# Data shown

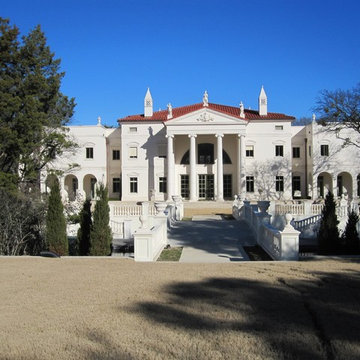 Palladian Style Villa
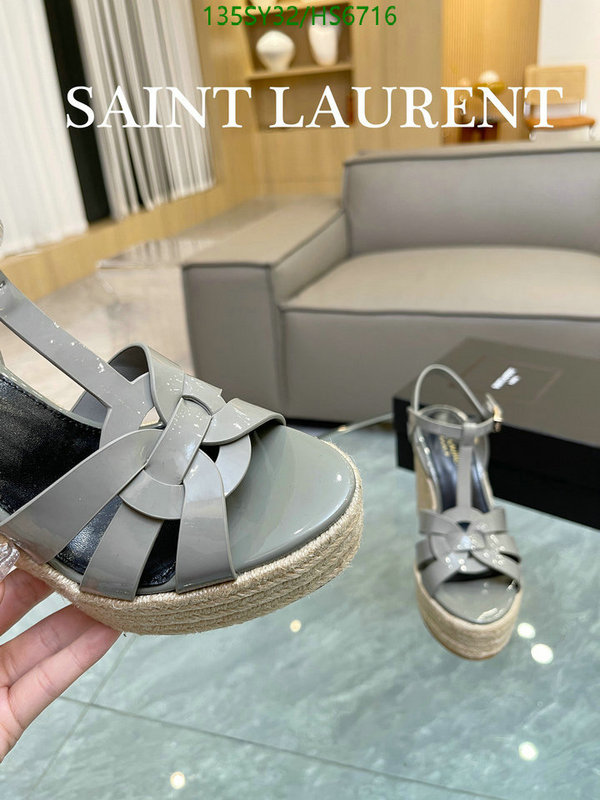 Women Shoes-YSL Code: HS6716 $: 135USD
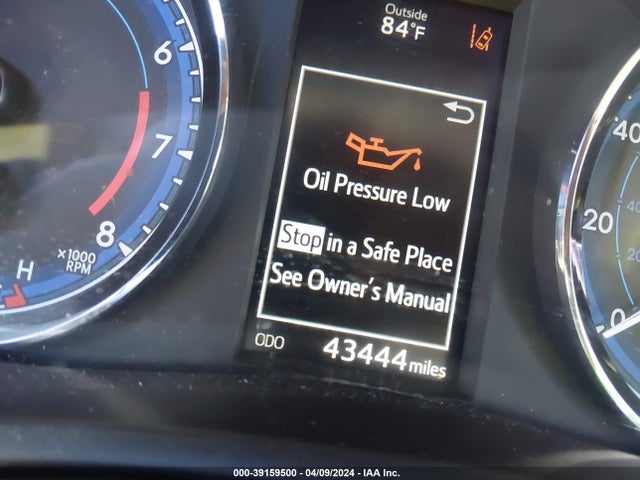Toyota COROLLA SE 2017 5YFBURHE5HP697720 Image 7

# Problem to solve
The output must start at the line holding "Women Shoes-YSL Code: HS6716 $: 135USD", end at the last line of the listing above, and show each line exactly; please omit all pictures.

# Result of this task
 Women Shoes-YSL Code: HS6716 $: 135USD
Toyota COROLLA SE 2017 5YFBURHE5HP697720 Image 7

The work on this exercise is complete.